This was my debut publication, 2007 in Pulp. I was 21, still at University wrestling with the page. It’s neat to revisit the work as German media find their way to my home on Symonds St for an interview, as part of NZ being the Guest of Honour for the Frankfurt Book Fair in October. I’m still wrestling with the page.
Love in the diamond light of far flung stars looks like this: a man and his prize, a woman and her champion, Ponsonby hope-smoke in the tousled hair of both. Still burning off incense sticks and the fucking fantastic ruby embers keep flaking down into the oblivion beside the love nest, the timber floored love nest, the grey-white walled love nest.
“Call me Milla and don’t treat me like a garden.’
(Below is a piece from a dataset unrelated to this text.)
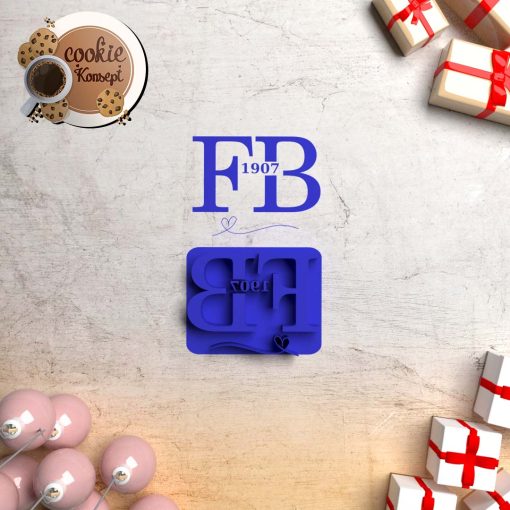 Polimer Kil Kalıbı - FB Damga #243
If his body is a city, see me perched (a bird) above the rage, cream feathered on some tower, building, floors above the ground. The victor thinks (says) I am a town, thick with shacks where thoughts live married and bred to themselves ‘even in the yards where flowers should be, the children of your thoughts flitter and quiver in the wind. All of them honey-haired.’
I talk about everything, my girlhood and the since gathered organ-hearts (in my purse, come look at them beating, listen) the way the colour blue inspires happiness, angles to look at a woman, how to read rain out of a clear sky.
Everything. ‘I’m in pursuit of distance, but I can’t get that here, not in Auckland. Everywhere are bodies, words that leave my mouth come back the next day open and purple bled. In the city we feed off each other’s truths, it’s fucking sick but fucking human.’
He wonders about me. What a wonder I am. And how did he get this? Win this? These bunched up moments where limbs appear entwined appear rainbow struck in the silver glass at the bed’s end. The mirror is draped with saris and photos of friends I loved, the victor mentions fate and how did he get this, me? The all of me unravelled in linen, and do I know how I look in this light? How beautiful my face is against the ugliness of the world, all of it, the wish-eating all of it, do I know?
This house sits too close to the street and the plants behind the fence have grown over and onto the footpath, the lane is jasmine stunk and rubbish frilled. The sky above the lane is a blueberry tart with her tits out (often). It doesn’t look like love; you can’t walk past the rusting strawberry paint and feel love. Strangers despair, moving around the weeds and the desperate lavender bush. They peer in through the bay window to the corner room where my life lives and the victor sleeps. Then I want to say ‘here is where love is made and destroyed. I test the waters, I check the levels, I separate design from function…’
Jamaica churns out men with satin skin, under your fingers, between your thighs and their necks stink of justice. You can take a beautiful Jamaican man to the top of Mt Eden and he might cry, talk about names for girls. I sat there once, edge of the grassy summit holding hand’s with a minister’s son, eyes to the sky he told me ‘now that we know the people we really are, seeing as there’s nothing left to become, these clouds are the only thing above us because love is god.’
He treated me like a garden, I was expected me to flower, wilt, regroup and produce golden felled leaves. Holding me at the elbows like a frail mistake of nature, the beautiful Jamaican man steered me through my own city, commanding shadows to move around us.
The victor (now) has won (for now). And this is how the city trains its young: to live not on the edge but at the fore of the horizon plucking man from men, woman from women, petals from flowers. With the sun in your eyes you can take what you like.